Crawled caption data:
■ ■ ■ ■ ■

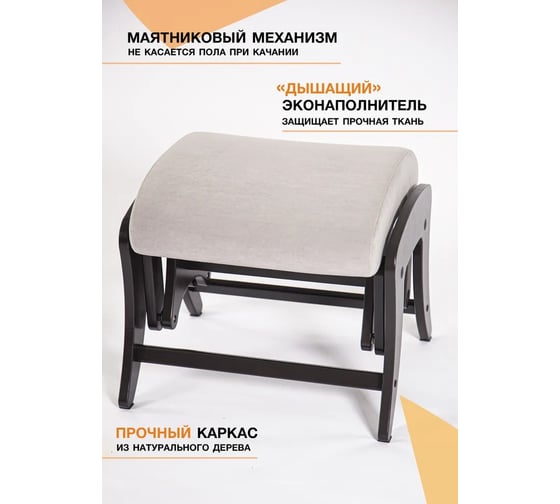 Пуф универсальный GLIDER Р Ultra Smoke, венге 2000026721710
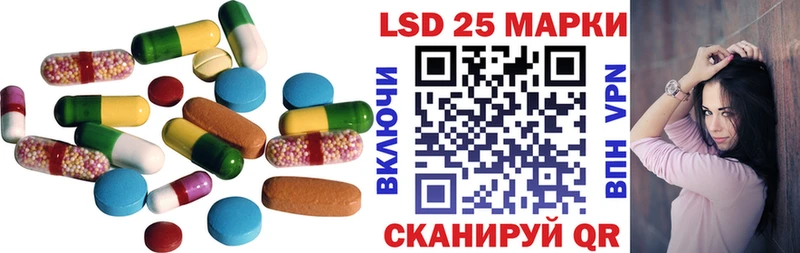 LSD-25 экстази кислота  Сураж 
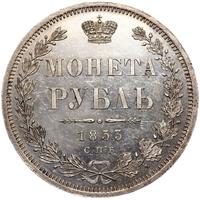 1 рубль 1853 года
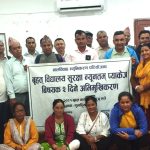 बृहत विद्यालय सुरक्षा न्युनतम प्याकेज विषयक शिक्षकलाई अभिमुखिकरण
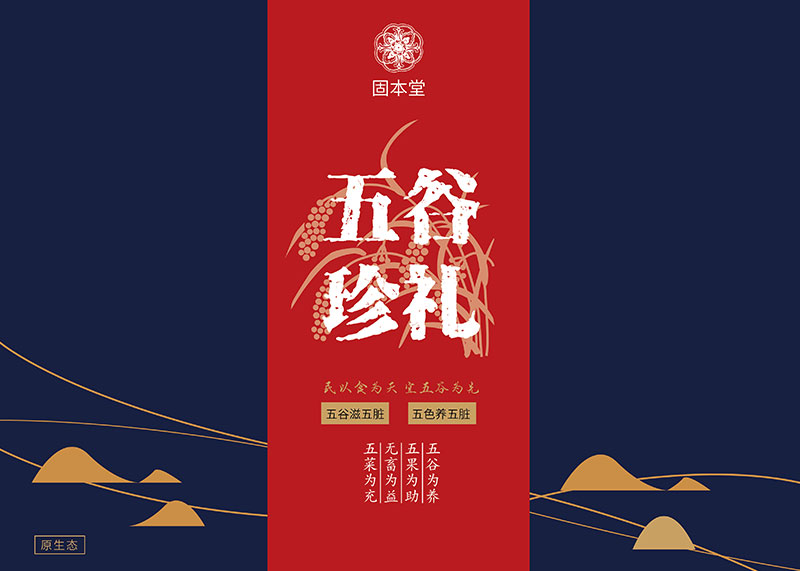 土特產包裝設計需要注意哪些問題？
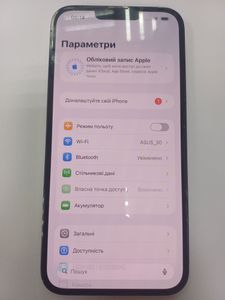 Б/в Мобільний телефон Apple iphone 13 pro max 256gb 01-200835474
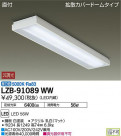 DAIKO ŵ ١饤 LZB-91089WW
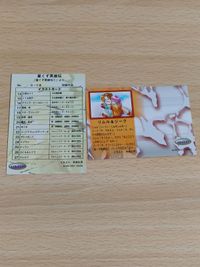 / 7 kc28 電撃文庫 カード 星くず英雄伝 ア・リトル・ドラゴン リムル ジーク 友野詳 田沼雄一郎 来星晶 サムネイル 2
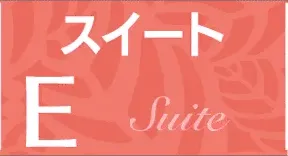 スイートタイプE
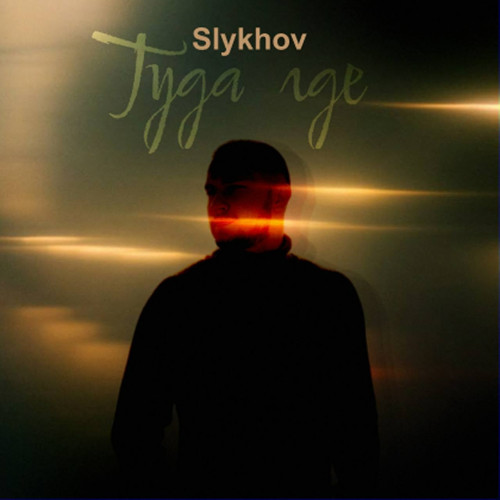 cover for track Туда где of artist Slykhov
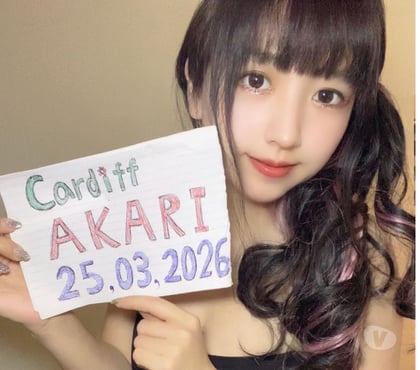 Photos for JAPANESE FIRST TIME IN Cardiff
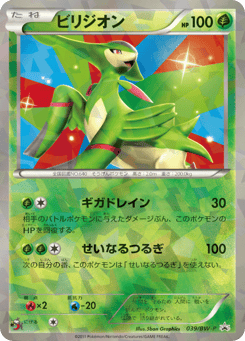 Virizion BWP 039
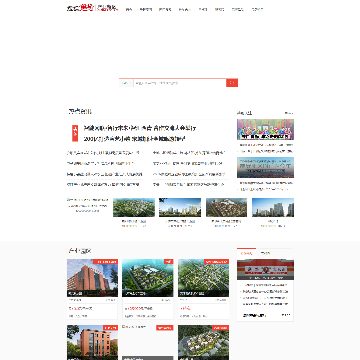 搜狐焦点产业新区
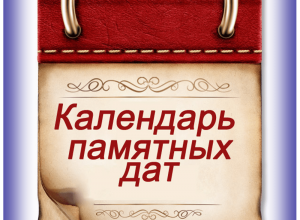 Календарь знаменательных и памятных дат Пермского края на 2023 год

■ ■ ■ ■ ■

● Work item: Your copy should repeat each entry above exactly but contain no pictures.

● Reply:
 Пуф универсальный GLIDER Р Ultra Smoke, венге 2000026721710
 LSD-25 экстази кислота  Сураж 
 1 рубль 1853 года
 बृहत विद्यालय सुरक्षा न्युनतम प्याकेज विषयक शिक्षकलाई अभिमुखिकरण
 土特產包裝設計需要注意哪些問題？
 Б/в Мобільний телефон Apple iphone 13 pro max 256gb 01-200835474
 DAIKO ŵ ١饤 LZB-91089WW
 / 7 kc28 電撃文庫 カード 星くず英雄伝 ア・リトル・ドラゴン リムル ジーク 友野詳 田沼雄一郎 来星晶 サムネイル 2
 スイートタイプE
 cover for track Туда где of artist Slykhov
 Photos for JAPANESE FIRST TIME IN Cardiff
 Virizion BWP 039
 搜狐焦点产业新区
 Календарь знаменательных и памятных дат Пермского края на 2023 год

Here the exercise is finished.